I remember the first time a man “grabbed me by the pussy”. I was at the Easter Show with my girlfriends. We went one afternoon straight from school, taking a spare change of clothes and stuffing our uniforms in our bags. We felt so grown up. Giddy with independence.
I was 13-years-old.
I didn’t notice him until it was too late. His hand grabbed me forcefully as he walked past. And he kept walking, disappearing into the crowd.
The shock hit me instantly and confusion was right behind it. What just happened? I felt sick. I knew it hadn’t been an accident. This was different to someone rubbing up against you on public transport when you find yourself second-guessing the sick feeling in your gut.
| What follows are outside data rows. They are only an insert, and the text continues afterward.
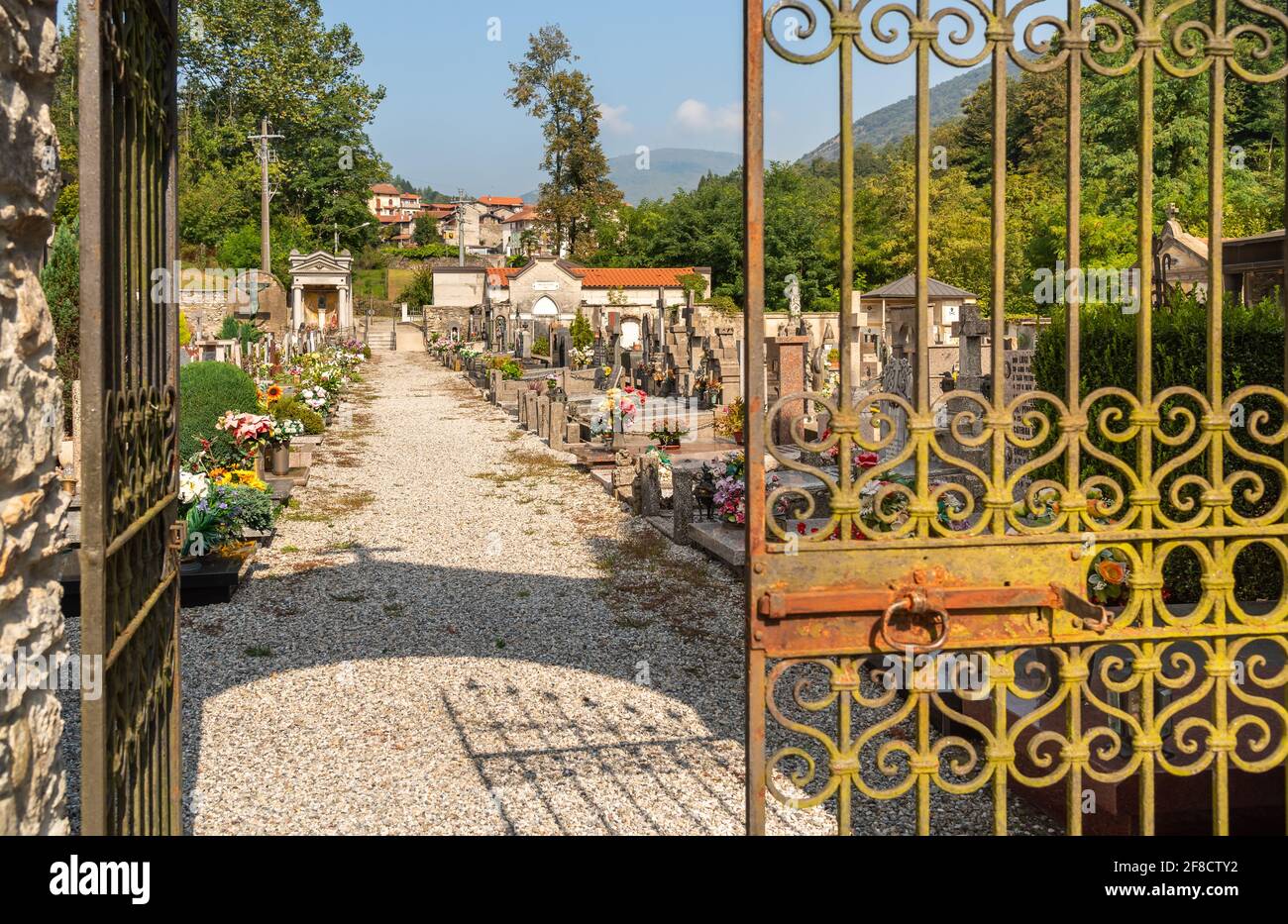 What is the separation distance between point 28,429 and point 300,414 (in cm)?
1557

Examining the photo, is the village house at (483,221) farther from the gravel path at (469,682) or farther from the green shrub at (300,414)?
the gravel path at (469,682)

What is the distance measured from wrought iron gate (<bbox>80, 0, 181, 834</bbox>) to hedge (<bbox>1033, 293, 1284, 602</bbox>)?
571 cm

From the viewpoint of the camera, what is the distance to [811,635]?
2.74 meters

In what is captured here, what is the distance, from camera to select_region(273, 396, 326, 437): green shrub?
53.0 ft

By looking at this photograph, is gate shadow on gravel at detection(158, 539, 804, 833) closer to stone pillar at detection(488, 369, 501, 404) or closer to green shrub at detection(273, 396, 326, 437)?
green shrub at detection(273, 396, 326, 437)

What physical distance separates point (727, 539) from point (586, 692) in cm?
341

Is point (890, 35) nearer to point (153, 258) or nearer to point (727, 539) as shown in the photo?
point (153, 258)

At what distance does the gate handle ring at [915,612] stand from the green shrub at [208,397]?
10.8 meters

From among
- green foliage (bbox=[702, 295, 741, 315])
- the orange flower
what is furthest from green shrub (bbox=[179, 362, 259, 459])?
green foliage (bbox=[702, 295, 741, 315])

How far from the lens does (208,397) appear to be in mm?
13195

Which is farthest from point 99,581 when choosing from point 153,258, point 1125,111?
point 1125,111

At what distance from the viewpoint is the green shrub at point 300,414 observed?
636 inches

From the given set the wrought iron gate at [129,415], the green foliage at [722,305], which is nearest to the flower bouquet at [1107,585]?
the wrought iron gate at [129,415]

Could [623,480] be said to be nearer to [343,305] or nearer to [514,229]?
[343,305] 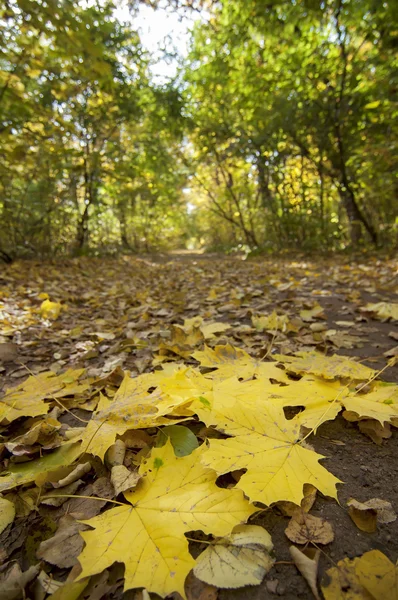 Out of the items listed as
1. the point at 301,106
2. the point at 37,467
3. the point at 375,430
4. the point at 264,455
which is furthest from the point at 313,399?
the point at 301,106

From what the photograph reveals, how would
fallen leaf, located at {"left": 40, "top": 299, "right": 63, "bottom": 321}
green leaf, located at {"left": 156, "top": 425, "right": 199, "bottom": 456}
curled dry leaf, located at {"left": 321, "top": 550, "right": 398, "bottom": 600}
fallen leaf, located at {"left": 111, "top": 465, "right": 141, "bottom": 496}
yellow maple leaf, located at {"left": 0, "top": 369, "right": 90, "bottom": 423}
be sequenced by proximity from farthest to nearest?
fallen leaf, located at {"left": 40, "top": 299, "right": 63, "bottom": 321}, yellow maple leaf, located at {"left": 0, "top": 369, "right": 90, "bottom": 423}, green leaf, located at {"left": 156, "top": 425, "right": 199, "bottom": 456}, fallen leaf, located at {"left": 111, "top": 465, "right": 141, "bottom": 496}, curled dry leaf, located at {"left": 321, "top": 550, "right": 398, "bottom": 600}

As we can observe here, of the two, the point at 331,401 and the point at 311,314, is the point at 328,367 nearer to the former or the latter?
the point at 331,401

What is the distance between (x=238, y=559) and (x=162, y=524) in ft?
0.53

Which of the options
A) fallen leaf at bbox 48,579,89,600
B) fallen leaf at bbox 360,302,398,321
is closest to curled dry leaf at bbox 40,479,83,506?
fallen leaf at bbox 48,579,89,600

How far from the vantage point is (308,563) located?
601 mm

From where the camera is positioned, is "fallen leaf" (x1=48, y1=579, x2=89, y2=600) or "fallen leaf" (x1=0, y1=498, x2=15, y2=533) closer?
"fallen leaf" (x1=48, y1=579, x2=89, y2=600)

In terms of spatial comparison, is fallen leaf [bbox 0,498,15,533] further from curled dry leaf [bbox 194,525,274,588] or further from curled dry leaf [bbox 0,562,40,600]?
curled dry leaf [bbox 194,525,274,588]

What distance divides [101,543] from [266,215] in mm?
9869

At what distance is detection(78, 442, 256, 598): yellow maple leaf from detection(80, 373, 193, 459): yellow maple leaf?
0.16 metres

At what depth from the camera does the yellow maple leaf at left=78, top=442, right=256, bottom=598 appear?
56 cm

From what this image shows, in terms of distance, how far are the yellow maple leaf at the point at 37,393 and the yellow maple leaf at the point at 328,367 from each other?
0.92 m

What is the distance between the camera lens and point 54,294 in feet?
12.3

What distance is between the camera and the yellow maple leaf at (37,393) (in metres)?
1.15

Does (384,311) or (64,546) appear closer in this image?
(64,546) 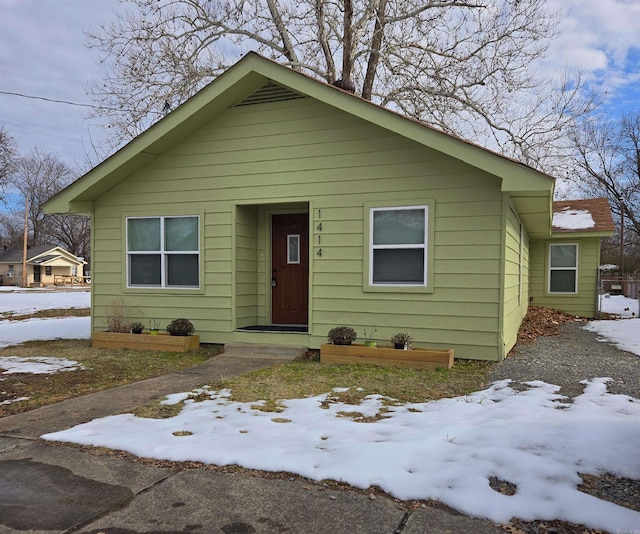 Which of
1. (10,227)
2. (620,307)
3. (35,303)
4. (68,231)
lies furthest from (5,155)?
(10,227)

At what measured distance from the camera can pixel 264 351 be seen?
7676 millimetres

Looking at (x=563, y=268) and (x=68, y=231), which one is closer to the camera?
(x=563, y=268)

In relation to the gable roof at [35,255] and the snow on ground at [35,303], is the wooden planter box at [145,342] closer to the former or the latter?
the snow on ground at [35,303]

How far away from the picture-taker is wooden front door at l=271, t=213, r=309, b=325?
28.7 ft

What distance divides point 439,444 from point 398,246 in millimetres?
4155

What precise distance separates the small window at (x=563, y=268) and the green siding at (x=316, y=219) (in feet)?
26.1

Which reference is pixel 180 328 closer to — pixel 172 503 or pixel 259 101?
pixel 259 101

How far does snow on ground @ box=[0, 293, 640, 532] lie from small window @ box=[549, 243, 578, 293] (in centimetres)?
1071

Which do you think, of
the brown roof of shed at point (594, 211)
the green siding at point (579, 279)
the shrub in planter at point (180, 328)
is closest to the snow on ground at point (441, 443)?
the shrub in planter at point (180, 328)

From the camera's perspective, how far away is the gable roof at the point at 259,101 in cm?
623

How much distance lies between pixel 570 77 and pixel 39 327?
17929 mm

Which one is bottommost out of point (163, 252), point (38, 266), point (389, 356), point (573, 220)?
point (389, 356)

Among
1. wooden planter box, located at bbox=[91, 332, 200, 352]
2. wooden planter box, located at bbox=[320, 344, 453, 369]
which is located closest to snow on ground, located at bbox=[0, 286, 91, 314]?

What he had done was obvious. And I felt dirty and small and vulnerable. And suddenly, I didn’t want to be independent. Suddenly the thought of being young and out in the world on my own, with my friends, felt frightening and like something I maybe couldn’t handle.
So that was my first experience of being sexually harassed or assaulted in public.
Back then – in the 80s – there wasn’t a name for what happened. Maybe groping. That’s the word being used by so many in the media to describe Donald Trump’s casual conversation about ‘not even waiting’ for permission to kiss women who he finds “beautiful”. To “grab them by the pussy”. That’s not called groping anymore.